Paroles du silence
Tais-toi ; garde caché le plus pur de ton rêve
Car les mots sont cruels et pleins de trahison.
Contemple dans ton cœur mon astre qui se lève
Comme la lune blonde, au-dessus des moissons.
Je suis le souverain des profondes retraites.
Je hais le rire amer et le doute étouffant,
Et mes bras consolants ne s’ouvrent qu’aux poètes
Qui regardent le monde avec des yeux d’enfant.
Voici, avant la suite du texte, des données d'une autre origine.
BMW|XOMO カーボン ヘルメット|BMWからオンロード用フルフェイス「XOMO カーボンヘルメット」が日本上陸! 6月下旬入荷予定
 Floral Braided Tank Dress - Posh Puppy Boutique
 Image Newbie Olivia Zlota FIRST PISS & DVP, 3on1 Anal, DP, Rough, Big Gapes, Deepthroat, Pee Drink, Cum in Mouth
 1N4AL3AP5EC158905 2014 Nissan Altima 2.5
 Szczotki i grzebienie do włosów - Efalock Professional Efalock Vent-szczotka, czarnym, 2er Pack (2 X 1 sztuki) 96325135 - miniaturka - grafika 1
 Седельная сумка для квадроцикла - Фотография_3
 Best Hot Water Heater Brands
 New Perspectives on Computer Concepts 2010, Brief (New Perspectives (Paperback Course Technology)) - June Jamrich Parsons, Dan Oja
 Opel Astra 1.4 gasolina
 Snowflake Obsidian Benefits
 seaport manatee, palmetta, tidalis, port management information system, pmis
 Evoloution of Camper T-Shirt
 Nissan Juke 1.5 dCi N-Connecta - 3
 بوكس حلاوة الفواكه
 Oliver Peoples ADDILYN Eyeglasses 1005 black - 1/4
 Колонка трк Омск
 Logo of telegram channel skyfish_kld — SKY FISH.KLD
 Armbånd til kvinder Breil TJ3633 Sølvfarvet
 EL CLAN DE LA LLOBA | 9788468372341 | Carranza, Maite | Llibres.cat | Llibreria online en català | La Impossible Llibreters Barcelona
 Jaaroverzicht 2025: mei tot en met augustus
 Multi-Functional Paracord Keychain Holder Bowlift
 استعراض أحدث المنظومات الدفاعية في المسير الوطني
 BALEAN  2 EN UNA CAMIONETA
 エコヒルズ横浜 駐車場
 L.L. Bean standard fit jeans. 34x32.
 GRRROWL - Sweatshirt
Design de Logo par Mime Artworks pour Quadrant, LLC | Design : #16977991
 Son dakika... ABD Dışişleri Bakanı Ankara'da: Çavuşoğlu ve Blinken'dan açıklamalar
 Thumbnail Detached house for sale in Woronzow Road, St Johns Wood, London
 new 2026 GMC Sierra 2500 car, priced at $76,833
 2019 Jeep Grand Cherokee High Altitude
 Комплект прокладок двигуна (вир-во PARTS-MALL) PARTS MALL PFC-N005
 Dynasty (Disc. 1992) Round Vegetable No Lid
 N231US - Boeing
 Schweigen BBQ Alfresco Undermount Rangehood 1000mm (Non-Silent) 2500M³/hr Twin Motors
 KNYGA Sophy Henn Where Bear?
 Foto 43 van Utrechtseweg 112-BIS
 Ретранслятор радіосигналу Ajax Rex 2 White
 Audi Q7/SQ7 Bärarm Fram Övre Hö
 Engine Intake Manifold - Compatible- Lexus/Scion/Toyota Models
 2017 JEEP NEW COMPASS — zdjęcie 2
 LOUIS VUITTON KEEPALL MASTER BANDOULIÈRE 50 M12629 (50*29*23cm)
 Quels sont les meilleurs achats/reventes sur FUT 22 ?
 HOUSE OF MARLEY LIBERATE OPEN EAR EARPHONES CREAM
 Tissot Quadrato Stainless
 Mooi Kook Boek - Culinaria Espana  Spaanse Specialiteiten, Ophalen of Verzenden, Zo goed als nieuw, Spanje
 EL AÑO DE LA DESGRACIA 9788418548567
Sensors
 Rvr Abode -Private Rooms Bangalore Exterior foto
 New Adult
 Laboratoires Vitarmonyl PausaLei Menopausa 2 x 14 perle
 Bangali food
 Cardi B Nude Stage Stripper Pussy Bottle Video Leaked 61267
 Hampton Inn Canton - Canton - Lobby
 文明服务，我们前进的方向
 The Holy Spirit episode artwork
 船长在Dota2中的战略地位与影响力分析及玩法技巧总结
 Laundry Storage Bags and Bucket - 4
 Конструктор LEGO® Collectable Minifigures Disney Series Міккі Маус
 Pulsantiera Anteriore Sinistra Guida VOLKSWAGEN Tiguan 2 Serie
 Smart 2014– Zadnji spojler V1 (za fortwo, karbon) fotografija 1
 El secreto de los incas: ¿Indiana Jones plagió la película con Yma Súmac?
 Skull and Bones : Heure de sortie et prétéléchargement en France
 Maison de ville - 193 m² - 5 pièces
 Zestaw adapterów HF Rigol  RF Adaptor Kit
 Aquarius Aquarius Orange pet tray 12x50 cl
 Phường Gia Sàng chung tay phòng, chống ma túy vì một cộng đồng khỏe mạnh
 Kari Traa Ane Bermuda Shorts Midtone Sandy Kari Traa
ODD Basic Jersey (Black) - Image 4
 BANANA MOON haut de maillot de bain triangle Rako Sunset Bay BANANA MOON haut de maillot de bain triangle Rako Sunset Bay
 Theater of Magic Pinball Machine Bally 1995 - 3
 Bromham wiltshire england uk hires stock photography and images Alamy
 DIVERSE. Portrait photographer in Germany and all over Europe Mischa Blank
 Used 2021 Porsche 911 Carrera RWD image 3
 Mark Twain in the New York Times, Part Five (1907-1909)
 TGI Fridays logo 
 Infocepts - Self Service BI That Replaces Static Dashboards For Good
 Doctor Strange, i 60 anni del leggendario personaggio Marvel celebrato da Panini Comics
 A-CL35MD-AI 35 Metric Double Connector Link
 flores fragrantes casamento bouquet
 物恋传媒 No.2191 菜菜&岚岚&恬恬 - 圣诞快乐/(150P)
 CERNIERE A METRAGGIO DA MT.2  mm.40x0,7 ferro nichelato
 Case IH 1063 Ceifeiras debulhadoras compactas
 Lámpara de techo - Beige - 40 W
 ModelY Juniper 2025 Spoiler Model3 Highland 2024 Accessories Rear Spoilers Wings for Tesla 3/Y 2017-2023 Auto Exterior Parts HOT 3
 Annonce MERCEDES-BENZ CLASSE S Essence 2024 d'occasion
Je suis frère des bons sourires, des prunelles,
Des baisers ingénus. Lorsque les amoureux
Craignent chuchoter des choses éternelles,
Ils se taisent afin que je parle pour eux.
C’est moi qui, jaillissant comme une fleur pensive,
Ennoblis les humains jusqu’au fond du cercueil.
Laisse rouler vers moi tes pleurs comme une eau vive :
Ils deviendront joyaux en abordant mon seuil.
Insensé, qui gémit à poursuivre un fantôme,
À travers l’univers folâtre et désolé,
Suis-moi, tu trouveras en ton cœur un royaume
Plus vaste que la terre et le ciel étoilé.
Les appels expirant en soupirs à ta bouche,
Les frissons inconnus et les désirs sans noms,
Les obscures amours que le jour effarouche,
Chanteront pour toi seul de secrètes chansons.
Va, le triste bonheur des mortels sur la terre
Ne vaut pas un lambeau des splendeurs que je tais.
N’écoute pas leur bruit. Tourne vers le mystère
Ta soif de vérité, de tendresse et de paix.
Le divin se recueille en nous, et je l’exprime ;
Et la lettre toujours est un miroir terni.
Les taciturnes seuls, penchés sur mon abîme,
Savent ce que leur cœur renferme d’infini.
Raymond CHRISTOFLOUR.
Recueilli dans Anthologie de la Société des poètes français, t. I, 1947.